La Thaïlande et le Cambodge : Une solution de paix sous l’égide américaine avant le sommet de l’ASEAN
La Malaisie a officiellement invité le président américain Donald Trump à présider la signature d’un accord de paix entre la Thaïlande et le Cambodge, prévu le 26 octobre lors du sommet des dirigeants de l’ASEAN à Kuala Lumpur. Cette démarche intervient alors que Washington fait de la résolution de ce conflit une condition préalable à ses négociations commerciales avec la Thaïlande, plaçant ainsi une pression accrue sur le nouveau gouvernement thaïlandais.
« Les États-Unis ont instrumentalisé le conflit frontalier entre la Thaïlande et le Cambodge pour mener des négociations avec le gouvernement », a déclaré Siripong Angkasakulkiat, porte-parole du Premier ministre thaïlandais Anutin Charnvirakul, ce mardi. Cette nouvelle exigence américaine représente un défi de taille pour la nouvelle équipe de négociation thaïlandaise, dont la nomination a été approuvée par le cabinet le même jour. Dirigée par le vice-Premier ministre Ekniti Nitithanprapas, également ministre des Finances, cette équipe est chargée de relancer une économie en difficulté avant les élections prévues début 2025.
L’administration Trump conditionne ainsi l’avancement des pourparlers commerciaux avec la Thaïlande à la conclusion d’un accord de paix avec le Cambodge. La Thaïlande se retrouve donc sous une pression diplomatique et économique significative. En effet, les États-Unis ont déjà imposé des droits de douane de 19 % sur les importations thaïlandaises, un coup dur pour l’un des piliers de la croissance économique du royaume. De nouvelles négociations sont d’ailleurs nécessaires pour résoudre des problématiques telles que le contournement des échanges commerciaux.

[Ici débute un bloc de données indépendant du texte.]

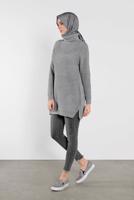 Tesettür giyim GRİ BOĞAZLI  TRİKO TUNİK 1302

Quatre conditions impératives pour la paix
Pour que cet accord de paix puisse être signé, le gouvernement thaïlandais a défini quatre exigences clés envers le Cambodge. Selon Siripong Angkasakulkiat, Phnom Penh doit impérativement procéder au retrait de ses troupes de la zone contestée, au déminage des zones frontalières, à la répression des opérations de cyber-escroquerie ciblant les citoyens thaïlandais, et enfin, réinstaller les ressortissants cambodgiens qui ont empiété sur le territoire thaïlandais.
Le ministre des Affaires étrangères, Sihasak Phuangketkeow, se rendra en Malaisie le 17 octobre, en amont du sommet de l’ASEAN, afin de réitérer ces quatre exigences lors des discussions avec le Cambodge, a précisé M. Anutin. La Malaisie, en tant que présidente de l’ASEAN cette année, et les États-Unis, cherchent à favoriser un cessez-le-feu durable entre les deux voisins, conformément aux déclarations du ministre malaisien des Affaires étrangères, Mohamad Hasan.
« Nous espérons que les deux parties parviendront à remplir les conditions, notamment en ce qui concerne le déminage et le retrait des armes le long de la frontière, et qu’une déclaration pourra être signée lors du sommet », a indiqué M. Mohamad. Si le Premier ministre malaisien, Anwar Ibrahim, a déjà annoncé la possible présence de Donald Trump, aucune confirmation officielle n’a encore émané de Washington. La Maison Blanche n’a pas encore répondu aux demandes de commentaires, bien qu’une source proche du dossier ait confié que des préparatifs étaient en cours.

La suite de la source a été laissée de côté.